On June 11, 2018, the Supreme Court decided Washington v. United States; colloquially known as “the Culverts Case.” The opinion is one sentence long: “The judgment is affirmed by an equally divided court.” An anticlimactic decision in a case that has been percolating through the federal court system since just before President Nixon’s resignation in 1974.
Colorado Law Professor Charles Wilkinson describes the Culverts Case as, “… a dream case! . . . You can’t pass up an opportunity like this for an extraordinary doctrine that’s so good for the Tribes, so good for the rivers, so good for the salmon, so good for every person in the northwest that you’ve just got to bring it.”
This hugely important case deserves the kind of attention given to other high-impact cases this term. The idea to create the podcast was born out of the realization that tribal sovereignty victories—and losses—are often buried beneath other headline-grabbing struggles for justice in this country.

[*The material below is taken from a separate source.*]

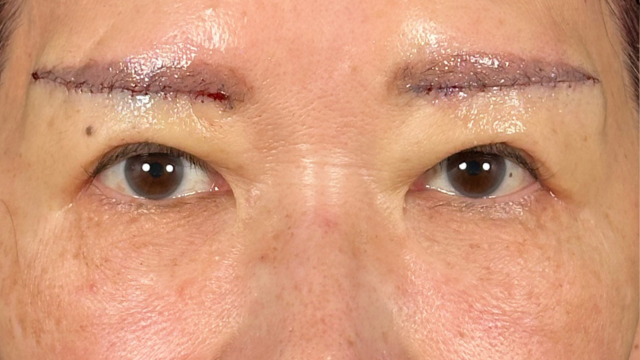 手術前の状態 その1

We do not intend to address our show to only a legally trained audience. Our hope is to focus public attention on the legal history of Europeans’ colonization of American indigenous people. The sovereignty movement in Indian Country is uniquely entangled with the law. To understand the movement requires an understanding of the legal doctrine. To understand the law requires an understanding of the waves of federal Indian policy which have shaped Indian country over the last two hundred years. This podcast aims to provide that bridge.

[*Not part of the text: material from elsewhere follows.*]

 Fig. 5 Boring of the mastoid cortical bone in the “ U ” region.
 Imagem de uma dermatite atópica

Over the course of six episodes we will break down this case into all of its constituent parts. We will trace the legal underpinnings of our nation’s own colonialism back to early European contact and the “doctrine of discovery” that gave rise to the paternalistic plenary power doctrine. We will look at the radical movement to assert tribal sovereignty on the riverbanks of the Pacific Northwest. And we will explain how all of this is captured by a case about salmon fishing.
The June 11 decision involved only a small aspect of this sprawling case: whether the state of Washington had violated a series of treaties between the U.S. and a number of tribes by building and maintaining barrier culverts in critical salmon streams—land that was, for most of human history, rich fishing grounds for a number of tribes. Simply put, a culvert allows water to pass underneath a roadway. But it often makes it impossible for salmon to pass upstream during spawning season.

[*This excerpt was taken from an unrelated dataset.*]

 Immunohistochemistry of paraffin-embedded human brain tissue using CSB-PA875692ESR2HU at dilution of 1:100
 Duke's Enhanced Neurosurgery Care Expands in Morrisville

That is a problem for the Tribes and, consequently, the U.S. In 1855, Isaac Stevens, governor of the then-territory of Washington, negotiated a number of treaties with the Tribes whose ancestral land was quite rapidly being occupied by white settlers from the east coast. Almost every Tribe bargained for a guarantee that cessation of their land would not mean diminishment of their right to fish where they had always done so: “The right of taking fish at usual and accustomed grounds and stations … in common with all citizens of the United States.” While each treaty may vary, that sentence is ubiquitous.
As one leader of the radical 1960s and 70s fishing rights movement, Nisqually tribal member Billy Frank, Jr., said, “We’ll die for that salmon.”
Despite the relative complexity of other provisions in the Stevens Treaties, that seemingly straightforward promise has made it before the Supreme Court on three separate occasions. First in 1905, the United States v. Winans case confirmed that the fishing rights were not subordinate to private or state interests: the Tribes could not be excluded from their traditional fishing grounds merely because a private party had acquired title to the land. Then in 1979 in Washington v. Washington State Commercial Passenger Fishing Vessel Association, the Court decided that the Treaties guaranteed the Tribes up to half of the annual salmon harvest on off-reservation watersheds. Hinted at, but never directly addressed, was an ancillary issue: did the Treaties impose a duty on the State of Washington to refrain from materially diminishing the annual harvest? The Tribes have always thought so.
The Tribes of the Northwest have been fighting for full recognition of their fishing rights for as long as the Stevens Treaties have existed. Before litigation began, tribal activists asserted their rights on the rivers of the Northwest. Billy Frank, Jr. was arrested by state police more than fifty times in the 1960s and 70s. He and other tribal activists felt the State was violating its Treaty obligation not only by excluding tribal members from their historical fishing grounds, but also by allowing the salmon run to significantly diminish over time. The state—and many of its citizens, including commercial fishermen whose livelihoods depended on being able to take a significant amount of fish from these runs—felt the Tribes were asking too much. It was in that heated and at times violent environment that the Culverts case began.
Beyond hard-bargained rights embedded in the Stevens Treaties, the outcome of this case implicates a broader, more nebulas question: what is the status of tribal sovereignty today? Federal Indian law jurisprudence is convoluted at best, and the relationship between tribal and state sovereignty might very well be the most difficult doctrinal developments to predict. Consequently, this case was closely followed by Tribes across the country, and lawyers who practice in the field.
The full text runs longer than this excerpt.